Born into a country on the eve of revolution at the start of a century of revolutions, Ingres considered himself to be the protector of artistic orthodoxy in the face of the emergence of the Romantic school of art, yet was fated to be viewed as a renegade and a rebel. Inspired by Nicolas Poussin and Jacques-Louis David, whose own works used Neoclassical themes to endorse the revolutionary elite, Ingres became a committed Neoclassical painter. However, he would later become better known as a portraitist and achieve lasting recognition for his Orientalist works such as the "The Odalisque".

His own approach to art was itself frequently contradictory. He often spent years creating a painting, yet was at the same time a prolific producer of studies and sketches, including 450 sketches for his portraits. A doctrinal Neoclassical artist in theory, Ingres was nonetheless consistently rejected and criticised by the academic establishment. Perhaps most ironically of all, he would come to be viewed as one of the key influences on modern art. Degas, Matisse and Picasso all acknowledged their debt to him since Ingres was above all a draughtsman, who raised line above colour in all his works: "Drawing is seven eighths of what makes up painting". He instilled this view into his students: "a thing well-drawn is a thing well-painted".
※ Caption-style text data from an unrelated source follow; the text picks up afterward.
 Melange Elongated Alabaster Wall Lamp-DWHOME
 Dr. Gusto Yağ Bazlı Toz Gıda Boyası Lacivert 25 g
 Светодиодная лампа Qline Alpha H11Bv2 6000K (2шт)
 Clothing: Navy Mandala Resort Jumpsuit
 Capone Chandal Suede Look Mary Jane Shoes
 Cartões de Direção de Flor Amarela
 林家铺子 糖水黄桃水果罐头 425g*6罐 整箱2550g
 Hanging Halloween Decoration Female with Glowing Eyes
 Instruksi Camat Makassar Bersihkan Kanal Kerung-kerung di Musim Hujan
The contradictions seem to have been present in the life of Ingres from a young age. His father, who earned his living as a miniaturist, sculptor and stonemason, encouraged his son's interest in art, and Ingres began to receive his education at the local school. The French Revolution brought his schooldays to an end, though not his artistic studies. Ingres was placed in the Académie Royale de Peinture, Sculpture et Architecture in Toulouse, where he studied both painting and sculpture. It was the work of the neoclassical painter Guillaume-Joseph Roques at Toulouse that would leave an indelible mark on the career of Ingres. From his teacher, the young Ingres learned of the significance of Raphael and made his commitment to both the historic theme and the harmonious placement of figures, based on an underlying skill of outstanding draughtsmanship and perfection of form.
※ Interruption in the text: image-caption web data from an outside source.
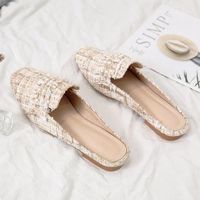Slippers Spring Net Celebrity Sandals And Fashion Small Fragrance Wind Flat-bottomed Half-slippers Female Summer Wear Ins Tide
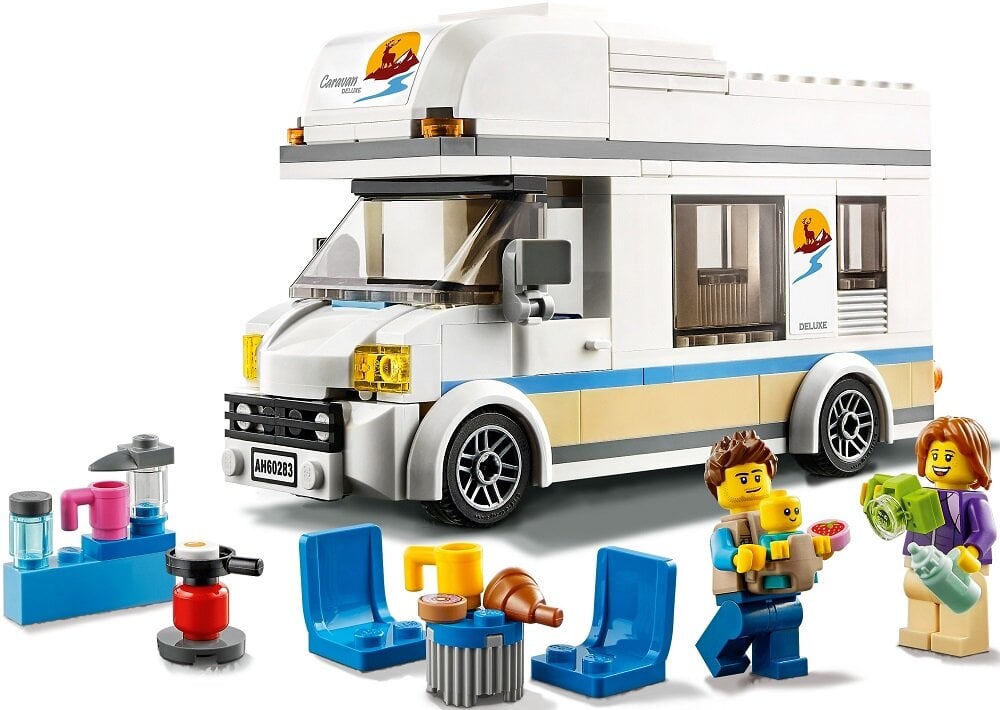 LEGO City Wakacyjny Kamper 60283 - wyposażenie kampera figurki komfort zabawy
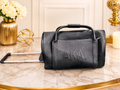 Alpha Kappa Alpha Genuine Leather 360° Garment Bag with Wheels | Convertible Garment Bag to Duffel Trolley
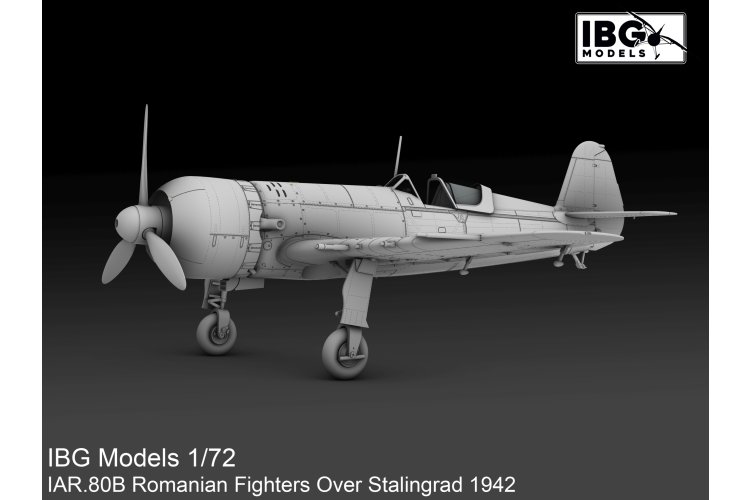 1:72 IBG Models 72567 IAR.80B - Romanian Fighters over Stalingrad 1942 WWII - Roemeens Jachtvliegtuig - Ibg72567 14 - IBG72567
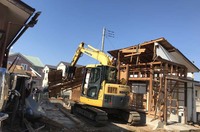 水戸市にて平成最後の解体現場|ランドサービス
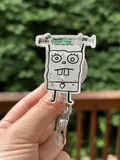 Doodle Bob Dilaudid Syringe Badge Reel, Funny RN MD Pharmacy ID Holder Clip, Healthcare Gift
At the same time, Ingres could have made a career as a musician. He was second violin in the Orchestre du Capitole de Toulouse in his early teens. In fact, he was so talented in the sphere of music that he has passed into legend in the phrase "violon d'Ingres", a reference to a second talent in an individual that is equal to the first. However, Ingres knew what he wanted to be: a painter of historic themes based on examples from antiquity, mythology and religion. it is hard not to view this as a young man's quest for the ideal, establishing itself as it did in his late teens. It was of the period, a time when heroic neoclassical themes informed the post-revolutionary aftermath in France. These themes would also predominate under Napoleon I, before being swept aside in a wash of colour and action by the artists of the Romantic school such as Delacroix. Against this new revolutionary vibrancy, the formally posed nudes and heroic figures of Neoclassical art could hardly resist, however pure, idealistic and antique the theme might be.
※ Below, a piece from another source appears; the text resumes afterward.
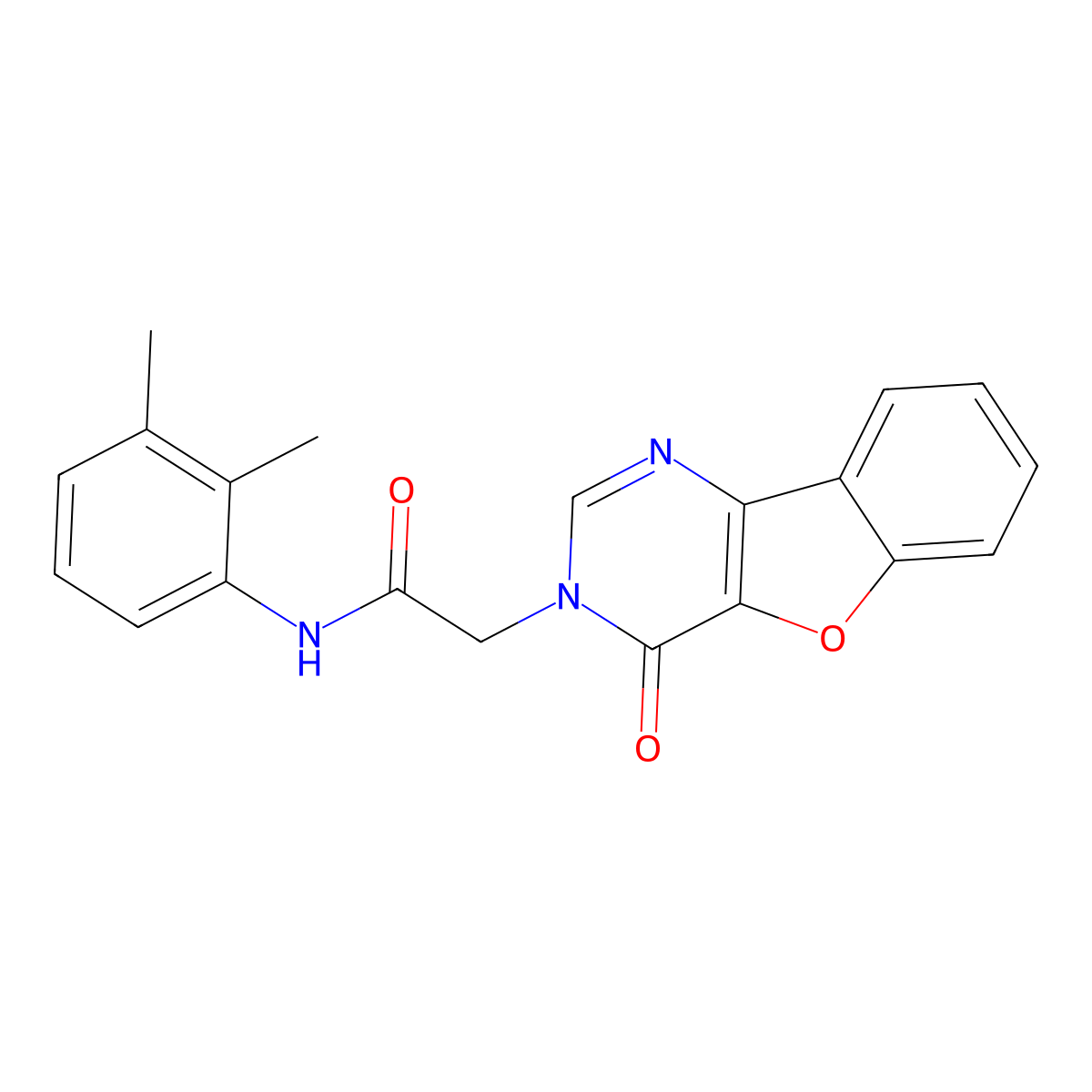 N-(2,3-dimethylphenyl)-2-(4-oxo[1]benzofuro[3,2-d]pyrimidin-3(4H)-yl)acetamide molecular structure, CAS 850651-98-8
In 1797, though, that lay in the future, and after winning the prize for drawing at the Académie Royale, Ingres was accepted as a student in the studio of Jacques-Louis David. It was an ideal training for an artist with his ambitions and Ingres seems to have been notable for his application to his studies. Moving to the École des Beaux-Arts in 1799, Ingres was awarded the grand prize for figure painting in both 1800 and 1801. In 1801, Ingres also won the Academy's premier award, the Prix de Rome, for his painting depicting "The Ambassadors of Agamemnon in the tent of Achilles". This work not only illustrates his talent in depicting the human form, and the male nude in particular; it also shows a sense of drama, his skill with classically-inspired landscapes and an ability to use colour and perspective to great effect.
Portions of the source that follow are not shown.